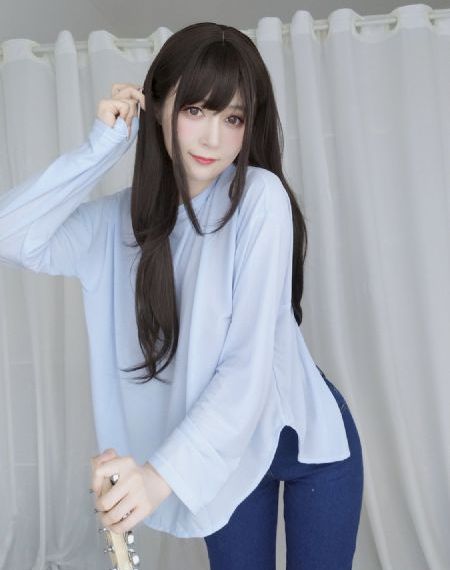 芳龄十六在线观看完整版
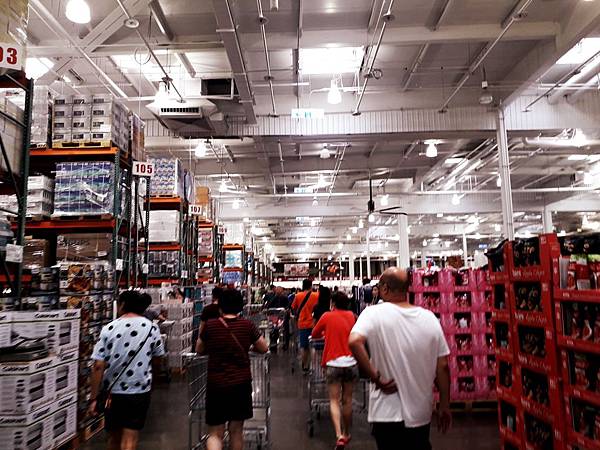 20190824_095918.jpg 20190824_095918.jpg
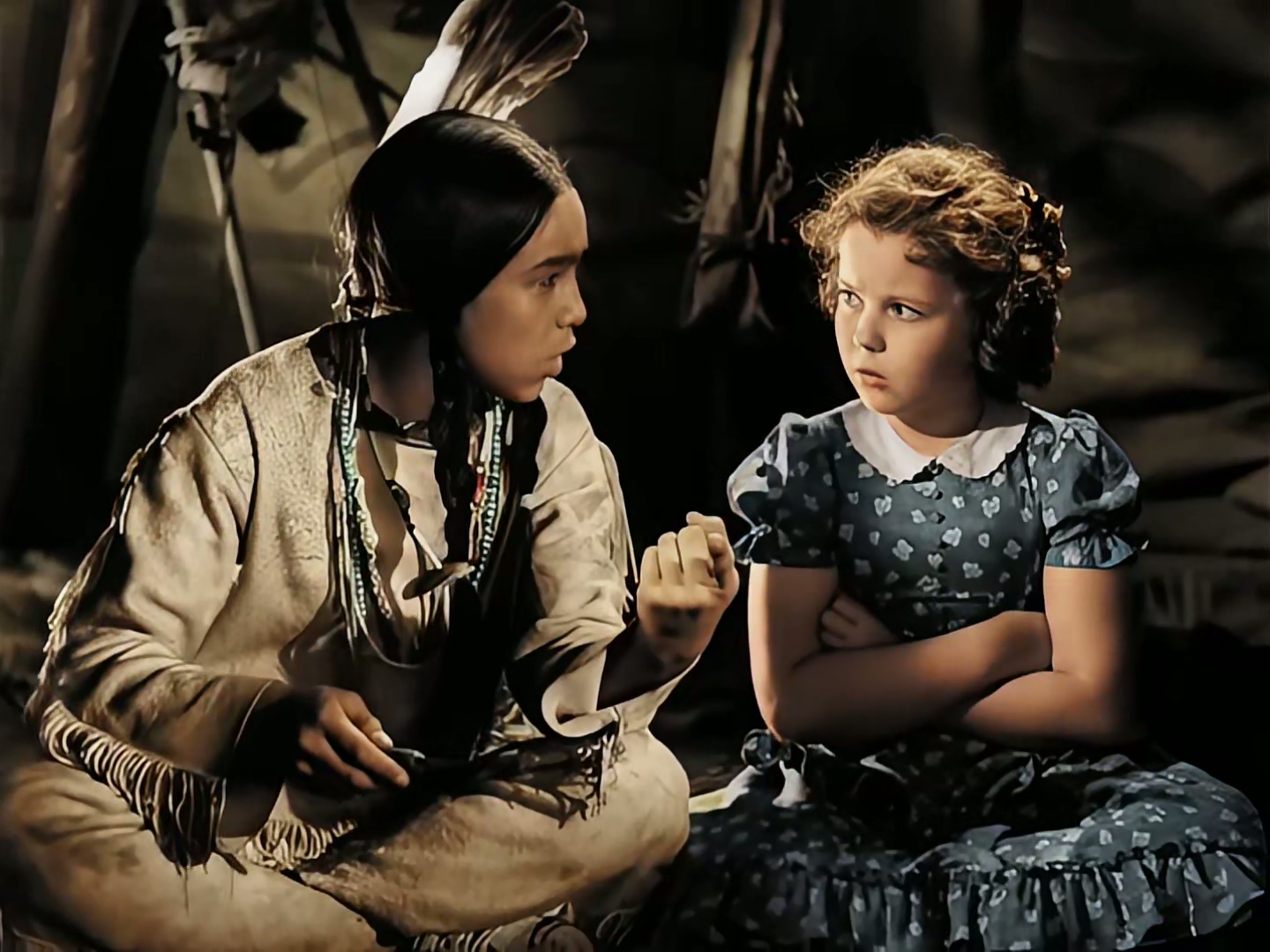 1939 小特使 Susannah of the Mountie.mkv_20250620_112719.218.jpg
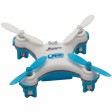 Drone Lrp H4 GRAVIT NANO - Prêt à voler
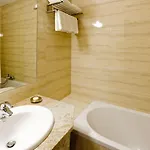 Hotel Columbus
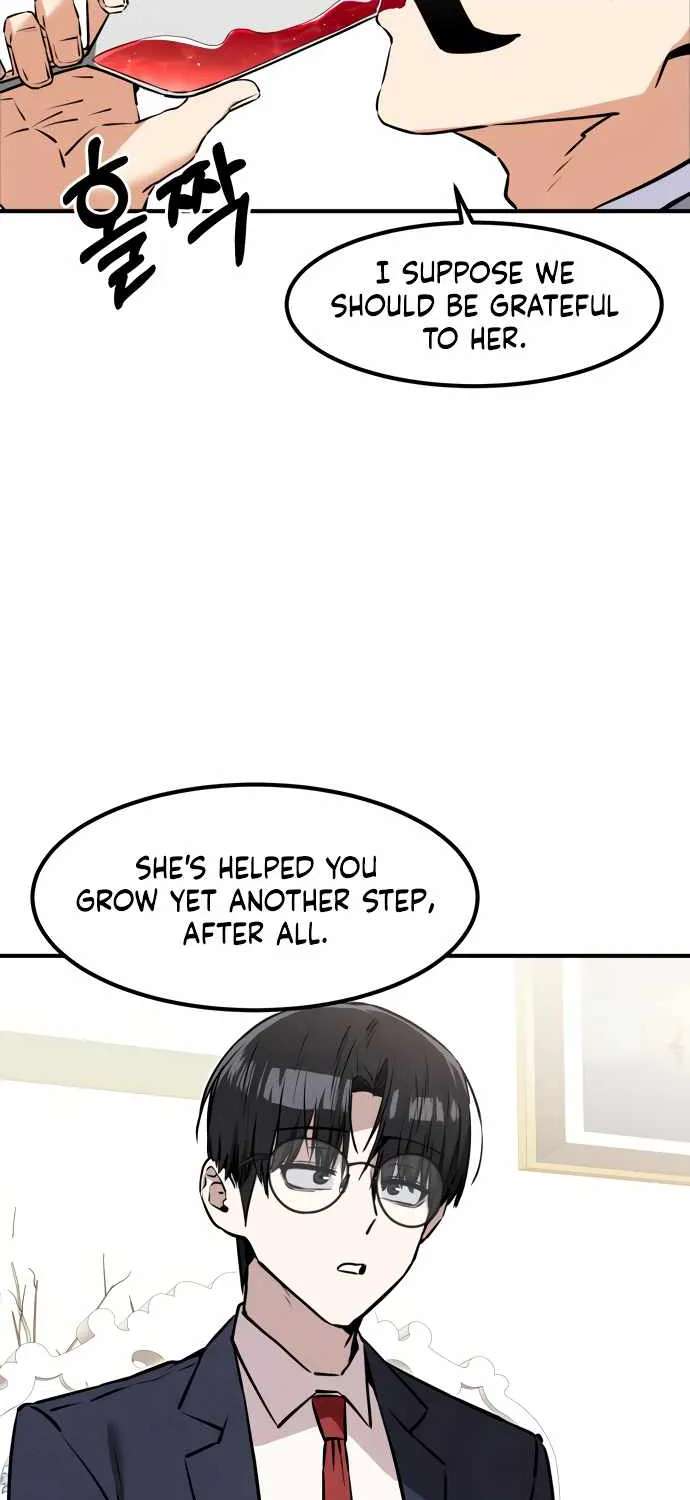 Neo man Boindan Mariya Chapter 26 - page 33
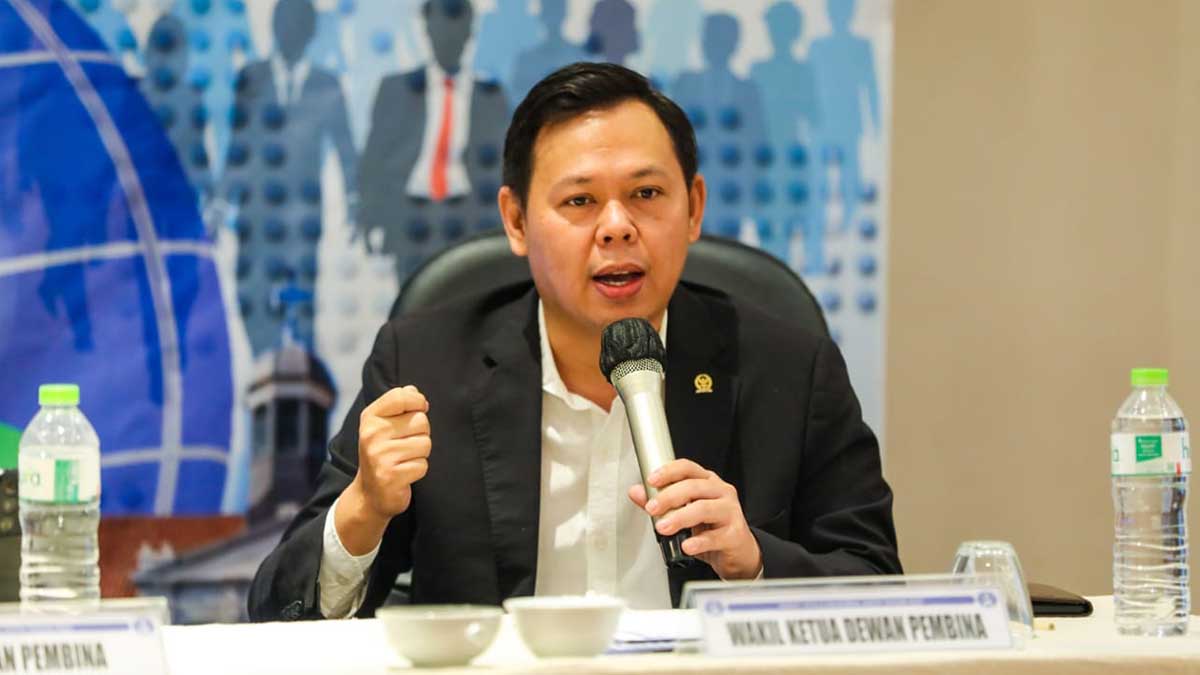 Kuota Subsidi BBM Ditingkatkan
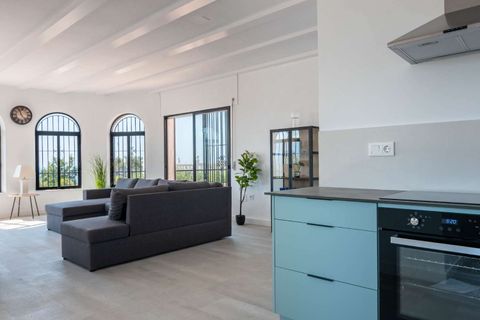 Villa i Salobrena, Granada, Salobrena - € 749.000 | Ref: 5419 - foto 8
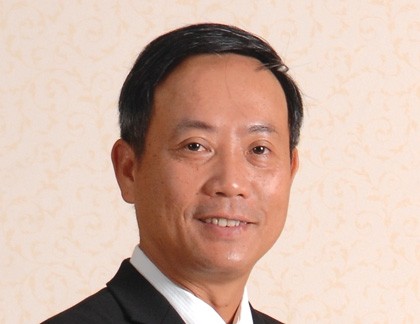 “Chiến dịch mới” về đấu giá cổ phần ảnh 1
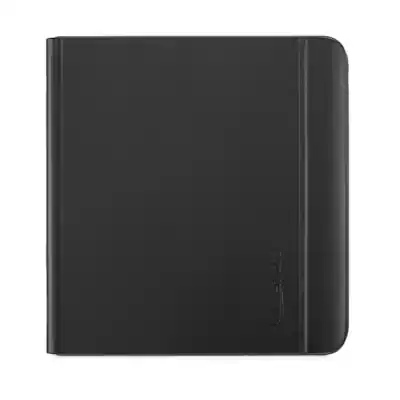 Kobo Libra Colour eReader (Black) with and Stylus 2Gen Bundle 2024 Kobo Libra Colour eReader (Black) with and Stylus 2Gen Bundle 2024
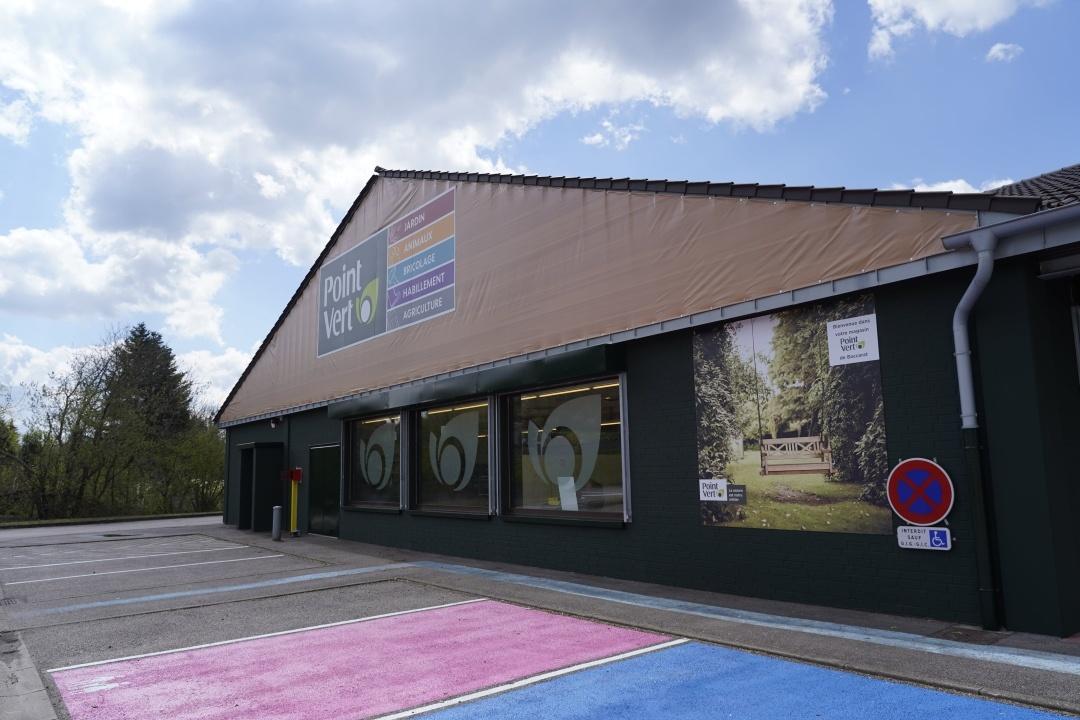galerie image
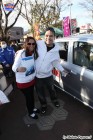 Foto by Makoto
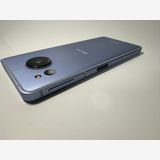 Aquos sense8 sh-54d docomo SIMե꡼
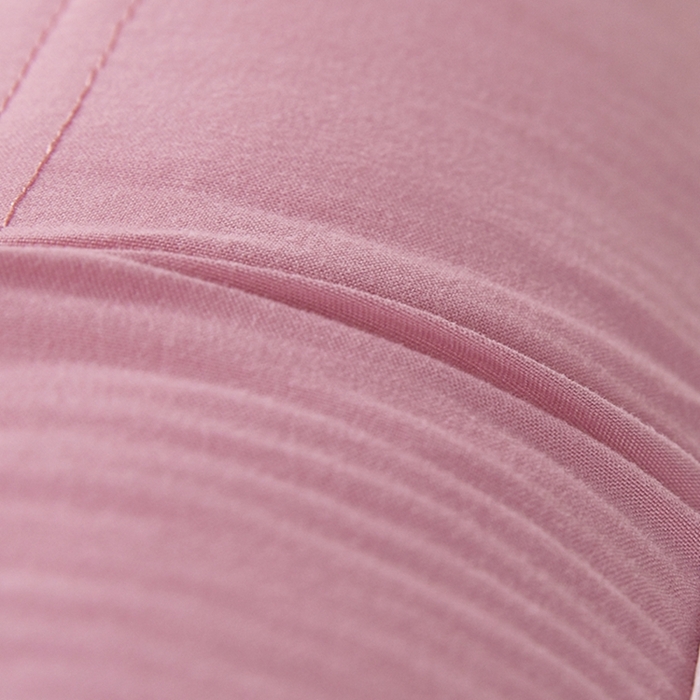 91家纺网 家纺一手货源 找家纺 （总）幸运草 2025新款燕窝整张棉热熔枕芯 成人高枕不变型可拆洗枕头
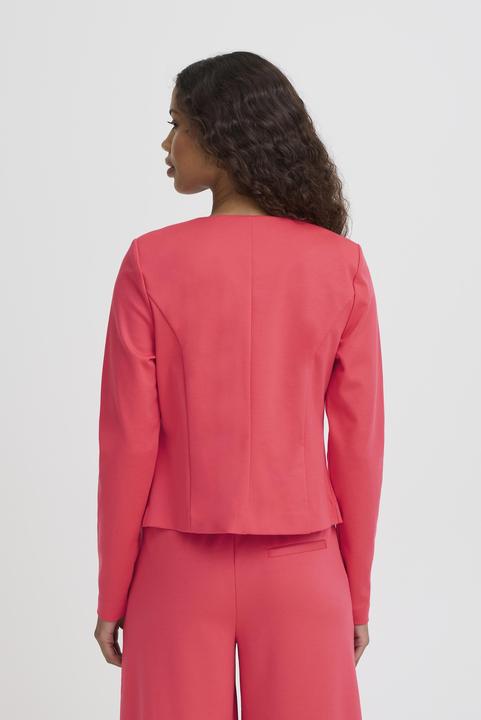 Actual product image Ichi Kate (M)
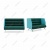 ren_office-2m_2_homepage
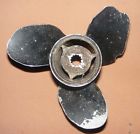 Cn2w2881 73136a 4 Mercury Hp Prop Pitch Pn Fits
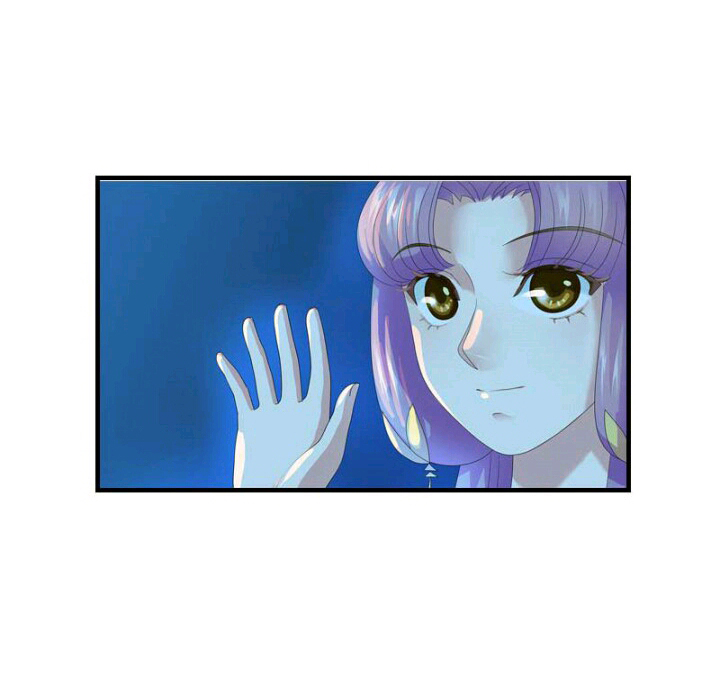 mấy bà vợ của trẫm đều chết hết rồi chapter 10 19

_What needs to be done_
Find the line that contains "Bundle 2024 Kobo", then write out that line and each one after it, exactly and with nothing else, through the end of the entries above, without the pictures.

_Solution_
 Kobo Libra Colour eReader (Black) with and Stylus 2Gen Bundle 2024 Kobo Libra Colour eReader (Black) with and Stylus 2Gen Bundle 2024
galerie image
 Foto by Makoto
 Aquos sense8 sh-54d docomo SIMե꡼
 91家纺网 家纺一手货源 找家纺 （总）幸运草 2025新款燕窝整张棉热熔枕芯 成人高枕不变型可拆洗枕头
 Actual product image Ichi Kate (M)
 ren_office-2m_2_homepage
 Cn2w2881 73136a 4 Mercury Hp Prop Pitch Pn Fits
 mấy bà vợ của trẫm đều chết hết rồi chapter 10 19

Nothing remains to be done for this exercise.